╭─ Task inputs
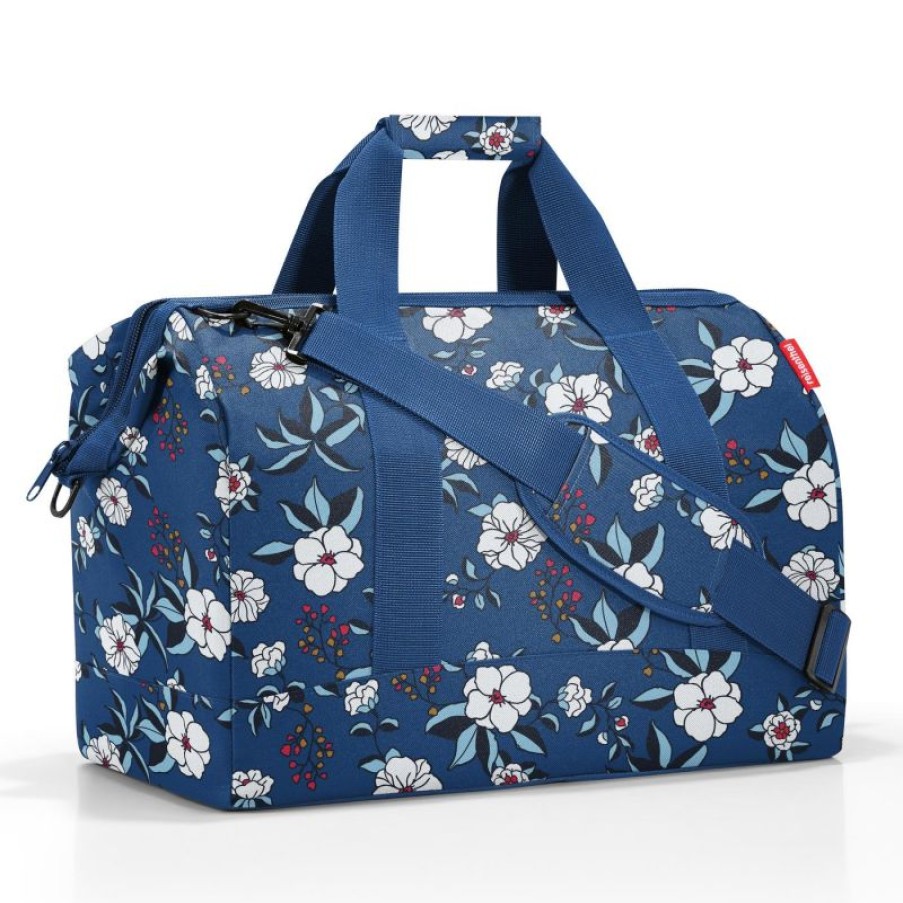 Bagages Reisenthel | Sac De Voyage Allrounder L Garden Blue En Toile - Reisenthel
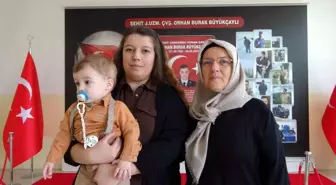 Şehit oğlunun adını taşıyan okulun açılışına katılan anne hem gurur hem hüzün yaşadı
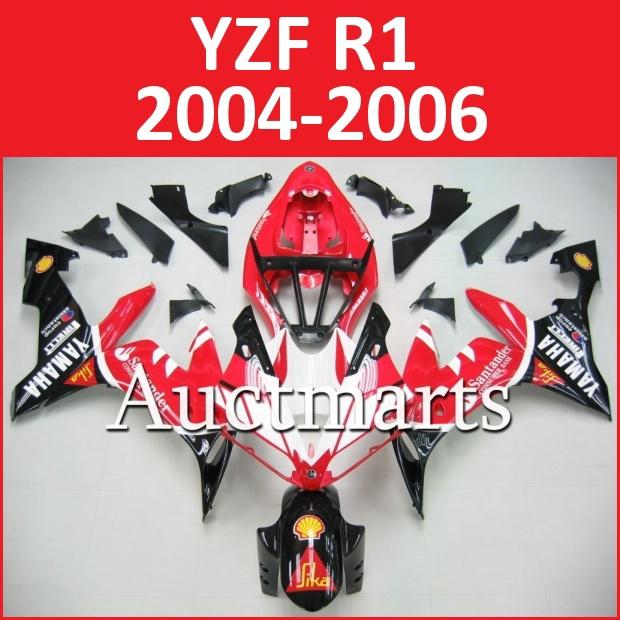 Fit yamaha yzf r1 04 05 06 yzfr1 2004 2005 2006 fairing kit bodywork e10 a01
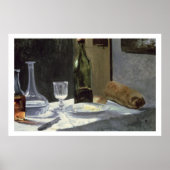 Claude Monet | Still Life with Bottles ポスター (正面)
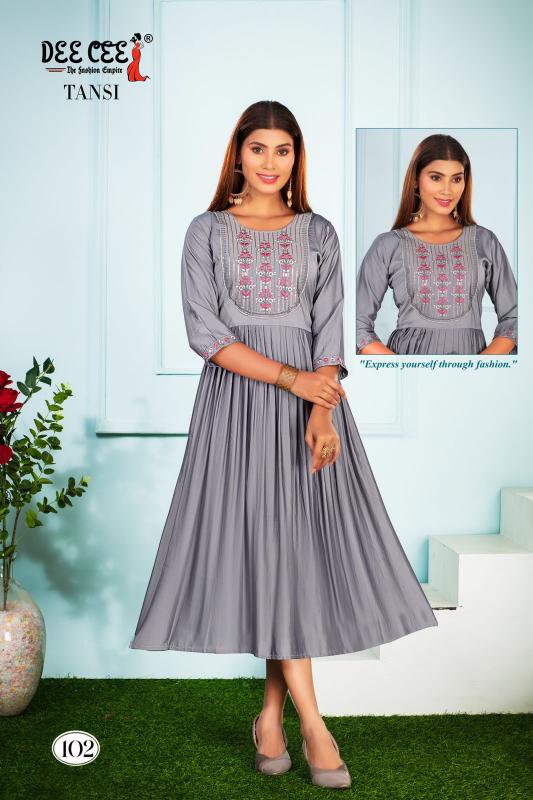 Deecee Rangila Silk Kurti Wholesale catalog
╰─
# [About this task]
Only one thing is required here: an exact copy of the lines from the one bearing "Şehit oğlunun adını" through the final line above, both included, with pictures left out.

# [Your response]
 Şehit oğlunun adını taşıyan okulun açılışına katılan anne hem gurur hem hüzün yaşadı
 Fit yamaha yzf r1 04 05 06 yzfr1 2004 2005 2006 fairing kit bodywork e10 a01
 Claude Monet | Still Life with Bottles ポスター (正面)
 Deecee Rangila Silk Kurti Wholesale catalog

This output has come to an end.